**TASK ITEM:** Each line of the data below containing "Wide" needs to be listed.

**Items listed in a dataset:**
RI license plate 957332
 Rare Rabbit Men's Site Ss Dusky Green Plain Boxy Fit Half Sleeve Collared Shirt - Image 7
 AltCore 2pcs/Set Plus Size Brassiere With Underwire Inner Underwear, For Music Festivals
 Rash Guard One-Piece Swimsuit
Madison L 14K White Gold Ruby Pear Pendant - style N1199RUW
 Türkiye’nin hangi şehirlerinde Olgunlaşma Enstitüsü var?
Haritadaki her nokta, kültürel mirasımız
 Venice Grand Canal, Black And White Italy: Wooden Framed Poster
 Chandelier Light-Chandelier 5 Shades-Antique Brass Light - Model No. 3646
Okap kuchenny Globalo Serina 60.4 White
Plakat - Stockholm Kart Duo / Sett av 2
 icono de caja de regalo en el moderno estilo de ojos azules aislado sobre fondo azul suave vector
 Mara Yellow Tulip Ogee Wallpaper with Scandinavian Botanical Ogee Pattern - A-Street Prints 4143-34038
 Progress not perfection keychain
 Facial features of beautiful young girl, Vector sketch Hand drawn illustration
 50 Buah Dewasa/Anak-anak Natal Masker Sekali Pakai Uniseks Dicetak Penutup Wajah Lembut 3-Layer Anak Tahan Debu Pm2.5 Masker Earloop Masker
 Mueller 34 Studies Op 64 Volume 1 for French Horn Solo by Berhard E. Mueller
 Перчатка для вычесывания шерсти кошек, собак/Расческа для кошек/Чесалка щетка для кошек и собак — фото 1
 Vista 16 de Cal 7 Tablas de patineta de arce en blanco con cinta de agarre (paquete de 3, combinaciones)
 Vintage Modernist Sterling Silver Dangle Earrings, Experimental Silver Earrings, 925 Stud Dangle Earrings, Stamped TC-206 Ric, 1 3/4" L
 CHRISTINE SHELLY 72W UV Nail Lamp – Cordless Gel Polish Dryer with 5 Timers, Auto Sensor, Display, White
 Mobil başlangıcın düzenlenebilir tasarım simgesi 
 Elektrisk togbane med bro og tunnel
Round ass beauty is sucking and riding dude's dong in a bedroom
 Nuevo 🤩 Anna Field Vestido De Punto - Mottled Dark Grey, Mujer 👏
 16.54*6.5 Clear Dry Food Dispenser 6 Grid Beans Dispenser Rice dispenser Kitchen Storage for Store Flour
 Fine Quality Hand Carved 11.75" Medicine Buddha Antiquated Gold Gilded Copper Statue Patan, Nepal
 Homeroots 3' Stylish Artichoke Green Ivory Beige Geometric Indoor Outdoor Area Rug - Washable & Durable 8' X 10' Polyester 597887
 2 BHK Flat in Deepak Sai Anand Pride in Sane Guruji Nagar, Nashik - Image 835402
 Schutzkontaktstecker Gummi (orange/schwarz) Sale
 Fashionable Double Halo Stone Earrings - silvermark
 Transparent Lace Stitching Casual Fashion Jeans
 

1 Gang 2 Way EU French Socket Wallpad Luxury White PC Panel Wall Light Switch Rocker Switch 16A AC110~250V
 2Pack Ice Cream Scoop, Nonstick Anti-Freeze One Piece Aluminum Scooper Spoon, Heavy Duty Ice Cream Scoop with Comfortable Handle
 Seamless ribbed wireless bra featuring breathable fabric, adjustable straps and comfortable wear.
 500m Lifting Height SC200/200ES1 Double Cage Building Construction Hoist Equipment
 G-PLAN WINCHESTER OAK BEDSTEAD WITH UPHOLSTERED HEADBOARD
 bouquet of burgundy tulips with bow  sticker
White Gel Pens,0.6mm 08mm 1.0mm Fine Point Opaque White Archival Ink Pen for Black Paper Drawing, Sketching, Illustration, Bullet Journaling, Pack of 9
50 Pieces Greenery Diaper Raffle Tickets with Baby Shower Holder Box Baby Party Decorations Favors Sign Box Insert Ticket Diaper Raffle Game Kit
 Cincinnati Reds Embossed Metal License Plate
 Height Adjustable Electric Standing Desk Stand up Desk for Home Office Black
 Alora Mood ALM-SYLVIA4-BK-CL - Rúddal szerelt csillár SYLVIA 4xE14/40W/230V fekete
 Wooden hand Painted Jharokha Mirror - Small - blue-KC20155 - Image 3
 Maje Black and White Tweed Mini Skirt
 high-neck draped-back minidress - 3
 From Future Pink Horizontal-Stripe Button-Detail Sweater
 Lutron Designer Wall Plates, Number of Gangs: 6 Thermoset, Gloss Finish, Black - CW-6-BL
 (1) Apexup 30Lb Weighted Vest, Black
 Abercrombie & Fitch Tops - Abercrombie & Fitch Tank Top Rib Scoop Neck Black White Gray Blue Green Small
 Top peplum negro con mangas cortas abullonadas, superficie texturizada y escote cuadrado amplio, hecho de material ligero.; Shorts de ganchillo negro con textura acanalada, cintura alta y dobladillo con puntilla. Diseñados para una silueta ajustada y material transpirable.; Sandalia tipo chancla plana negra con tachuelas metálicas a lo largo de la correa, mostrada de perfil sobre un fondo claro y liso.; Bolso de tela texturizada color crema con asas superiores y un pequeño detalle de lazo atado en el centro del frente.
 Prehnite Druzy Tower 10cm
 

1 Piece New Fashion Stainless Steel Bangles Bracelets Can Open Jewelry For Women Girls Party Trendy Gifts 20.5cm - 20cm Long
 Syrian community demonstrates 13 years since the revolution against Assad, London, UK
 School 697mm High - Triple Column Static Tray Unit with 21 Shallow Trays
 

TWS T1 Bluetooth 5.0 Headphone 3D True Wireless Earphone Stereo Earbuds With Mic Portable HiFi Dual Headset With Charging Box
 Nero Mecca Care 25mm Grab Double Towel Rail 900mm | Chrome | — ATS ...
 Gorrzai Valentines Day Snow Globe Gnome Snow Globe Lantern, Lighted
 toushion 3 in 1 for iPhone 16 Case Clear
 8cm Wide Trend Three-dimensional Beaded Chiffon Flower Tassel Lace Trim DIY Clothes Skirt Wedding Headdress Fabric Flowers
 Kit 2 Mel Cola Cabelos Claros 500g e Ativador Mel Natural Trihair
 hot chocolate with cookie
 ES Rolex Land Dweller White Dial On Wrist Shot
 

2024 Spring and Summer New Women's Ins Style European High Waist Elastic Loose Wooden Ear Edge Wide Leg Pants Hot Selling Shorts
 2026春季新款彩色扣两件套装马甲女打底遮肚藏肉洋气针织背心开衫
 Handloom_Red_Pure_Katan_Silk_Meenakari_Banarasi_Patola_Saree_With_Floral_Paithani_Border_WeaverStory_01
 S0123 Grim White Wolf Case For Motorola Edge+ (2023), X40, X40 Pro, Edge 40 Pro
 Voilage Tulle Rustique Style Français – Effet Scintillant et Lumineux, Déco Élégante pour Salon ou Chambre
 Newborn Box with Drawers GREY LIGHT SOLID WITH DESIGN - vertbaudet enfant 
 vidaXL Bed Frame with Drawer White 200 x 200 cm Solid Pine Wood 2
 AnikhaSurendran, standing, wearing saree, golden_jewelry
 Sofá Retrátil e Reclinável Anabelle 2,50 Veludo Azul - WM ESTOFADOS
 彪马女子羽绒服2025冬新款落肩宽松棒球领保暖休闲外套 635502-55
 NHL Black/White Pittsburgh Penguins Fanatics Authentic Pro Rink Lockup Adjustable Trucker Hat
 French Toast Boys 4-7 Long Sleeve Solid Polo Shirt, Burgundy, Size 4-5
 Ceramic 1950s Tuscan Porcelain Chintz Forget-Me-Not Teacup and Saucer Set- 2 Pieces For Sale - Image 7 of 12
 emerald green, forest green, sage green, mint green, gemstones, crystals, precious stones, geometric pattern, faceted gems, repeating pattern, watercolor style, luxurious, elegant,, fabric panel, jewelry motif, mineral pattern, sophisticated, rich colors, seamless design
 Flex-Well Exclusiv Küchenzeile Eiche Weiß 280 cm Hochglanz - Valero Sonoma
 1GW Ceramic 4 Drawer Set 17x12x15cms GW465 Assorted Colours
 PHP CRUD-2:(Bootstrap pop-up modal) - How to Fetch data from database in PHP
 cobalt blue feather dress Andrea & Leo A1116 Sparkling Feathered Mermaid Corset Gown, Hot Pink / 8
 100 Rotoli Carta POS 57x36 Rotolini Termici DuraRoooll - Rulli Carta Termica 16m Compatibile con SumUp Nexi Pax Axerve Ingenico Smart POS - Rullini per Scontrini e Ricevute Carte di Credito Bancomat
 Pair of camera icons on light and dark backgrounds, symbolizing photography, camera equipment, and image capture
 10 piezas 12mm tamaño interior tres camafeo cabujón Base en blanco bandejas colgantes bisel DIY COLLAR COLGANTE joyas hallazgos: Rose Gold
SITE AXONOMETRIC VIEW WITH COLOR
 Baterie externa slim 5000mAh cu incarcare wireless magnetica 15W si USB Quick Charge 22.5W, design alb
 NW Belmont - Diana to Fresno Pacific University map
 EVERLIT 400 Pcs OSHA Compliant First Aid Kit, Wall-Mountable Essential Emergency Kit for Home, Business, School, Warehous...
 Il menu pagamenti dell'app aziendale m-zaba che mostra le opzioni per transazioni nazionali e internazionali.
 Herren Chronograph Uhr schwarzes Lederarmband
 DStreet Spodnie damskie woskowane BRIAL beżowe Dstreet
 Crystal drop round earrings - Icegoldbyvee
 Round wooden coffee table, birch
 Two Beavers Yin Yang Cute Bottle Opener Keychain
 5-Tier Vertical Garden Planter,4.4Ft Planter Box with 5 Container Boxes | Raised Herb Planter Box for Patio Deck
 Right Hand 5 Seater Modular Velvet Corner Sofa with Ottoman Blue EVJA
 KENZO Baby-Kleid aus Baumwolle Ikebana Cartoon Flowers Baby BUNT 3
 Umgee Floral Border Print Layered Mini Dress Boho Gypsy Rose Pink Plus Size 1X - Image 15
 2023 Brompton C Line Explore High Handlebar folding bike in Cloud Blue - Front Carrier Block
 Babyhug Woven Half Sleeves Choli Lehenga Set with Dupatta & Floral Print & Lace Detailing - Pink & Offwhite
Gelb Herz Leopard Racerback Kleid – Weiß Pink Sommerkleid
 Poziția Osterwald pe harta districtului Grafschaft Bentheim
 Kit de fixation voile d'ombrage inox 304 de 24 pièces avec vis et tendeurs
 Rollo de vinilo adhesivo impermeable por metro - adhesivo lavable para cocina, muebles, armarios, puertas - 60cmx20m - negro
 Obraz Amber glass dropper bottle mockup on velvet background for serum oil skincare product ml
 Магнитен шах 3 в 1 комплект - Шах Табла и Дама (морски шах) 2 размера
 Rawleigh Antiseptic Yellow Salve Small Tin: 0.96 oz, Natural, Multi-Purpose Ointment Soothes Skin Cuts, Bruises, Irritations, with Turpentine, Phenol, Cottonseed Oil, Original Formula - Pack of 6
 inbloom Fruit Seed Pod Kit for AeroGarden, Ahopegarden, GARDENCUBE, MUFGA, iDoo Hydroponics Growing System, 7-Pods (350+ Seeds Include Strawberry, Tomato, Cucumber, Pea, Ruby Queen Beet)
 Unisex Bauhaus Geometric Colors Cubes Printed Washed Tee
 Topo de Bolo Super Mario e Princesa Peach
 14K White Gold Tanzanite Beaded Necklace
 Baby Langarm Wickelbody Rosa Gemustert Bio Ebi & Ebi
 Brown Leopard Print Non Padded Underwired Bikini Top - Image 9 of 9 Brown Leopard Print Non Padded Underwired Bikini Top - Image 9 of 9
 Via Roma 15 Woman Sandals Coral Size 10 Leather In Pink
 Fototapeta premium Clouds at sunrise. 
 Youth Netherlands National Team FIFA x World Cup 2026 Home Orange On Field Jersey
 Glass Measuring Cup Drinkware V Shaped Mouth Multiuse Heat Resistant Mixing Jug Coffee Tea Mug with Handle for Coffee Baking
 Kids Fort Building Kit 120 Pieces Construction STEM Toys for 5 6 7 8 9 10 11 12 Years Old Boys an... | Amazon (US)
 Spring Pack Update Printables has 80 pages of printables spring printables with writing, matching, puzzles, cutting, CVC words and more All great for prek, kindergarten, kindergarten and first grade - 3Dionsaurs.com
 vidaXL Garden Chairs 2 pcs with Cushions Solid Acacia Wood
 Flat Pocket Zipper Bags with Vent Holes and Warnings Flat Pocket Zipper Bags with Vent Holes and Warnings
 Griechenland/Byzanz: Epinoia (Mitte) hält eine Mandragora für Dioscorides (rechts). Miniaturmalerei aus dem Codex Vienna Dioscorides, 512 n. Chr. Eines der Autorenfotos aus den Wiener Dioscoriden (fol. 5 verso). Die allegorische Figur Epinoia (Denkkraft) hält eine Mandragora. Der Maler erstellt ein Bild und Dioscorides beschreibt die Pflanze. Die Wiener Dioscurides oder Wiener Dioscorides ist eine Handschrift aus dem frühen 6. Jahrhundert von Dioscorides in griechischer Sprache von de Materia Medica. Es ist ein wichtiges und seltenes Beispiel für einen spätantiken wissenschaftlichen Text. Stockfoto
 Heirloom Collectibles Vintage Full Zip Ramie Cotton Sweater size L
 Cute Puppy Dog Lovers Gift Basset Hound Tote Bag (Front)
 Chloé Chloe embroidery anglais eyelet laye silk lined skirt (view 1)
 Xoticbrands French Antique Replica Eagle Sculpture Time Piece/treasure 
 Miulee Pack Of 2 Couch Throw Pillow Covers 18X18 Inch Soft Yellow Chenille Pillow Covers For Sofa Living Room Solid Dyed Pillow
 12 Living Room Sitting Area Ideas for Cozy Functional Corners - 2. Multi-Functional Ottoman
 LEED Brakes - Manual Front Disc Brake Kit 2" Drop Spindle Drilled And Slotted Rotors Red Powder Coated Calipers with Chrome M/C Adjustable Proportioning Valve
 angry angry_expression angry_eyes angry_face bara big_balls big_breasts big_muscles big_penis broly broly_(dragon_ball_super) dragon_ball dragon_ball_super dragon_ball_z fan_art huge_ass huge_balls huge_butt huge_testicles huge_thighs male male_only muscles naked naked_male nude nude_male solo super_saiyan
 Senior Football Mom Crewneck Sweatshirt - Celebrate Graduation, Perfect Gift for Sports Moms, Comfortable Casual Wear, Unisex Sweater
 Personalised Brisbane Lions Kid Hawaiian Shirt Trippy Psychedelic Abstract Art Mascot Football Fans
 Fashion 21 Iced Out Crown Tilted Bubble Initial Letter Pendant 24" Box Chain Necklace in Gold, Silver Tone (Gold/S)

**TASK RESPONSE:**
 8cm Wide Trend Three-dimensional Beaded Chiffon Flower Tassel Lace Trim DIY Clothes Skirt Wedding Headdress Fabric Flowers
2024 Spring and Summer New Women's Ins Style European High Waist Elastic Loose Wooden Ear Edge Wide Leg Pants Hot Selling Shorts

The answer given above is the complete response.